▶ **WHAT TO WORK ON**
Copy the data that follows exactly. Include no pictures.

▶ **DATASET SECTION**

----

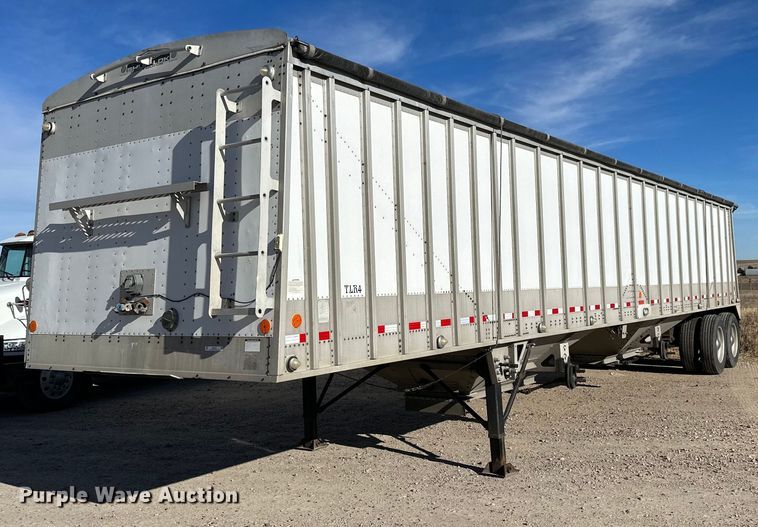 image for item NS9106 2002 Cornhusker 800  grain trailer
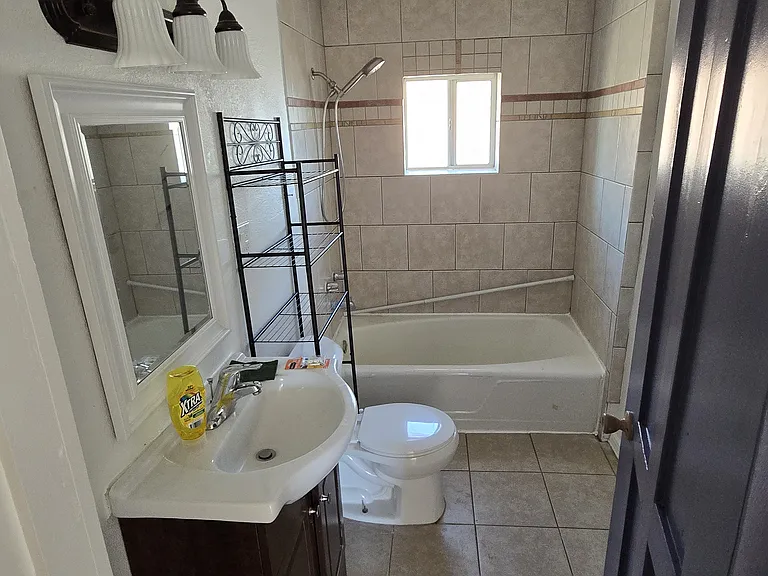 1805 N Valley Dr — Photo 4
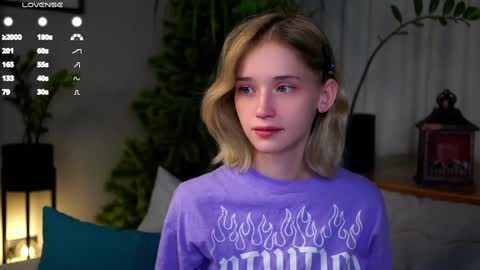 Mia online show from 02/04/25, 01:13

----

▶ **TASK ANSWER**
 image for item NS9106 2002 Cornhusker 800  grain trailer
 1805 N Valley Dr — Photo 4
 Mia online show from 02/04/25, 01:13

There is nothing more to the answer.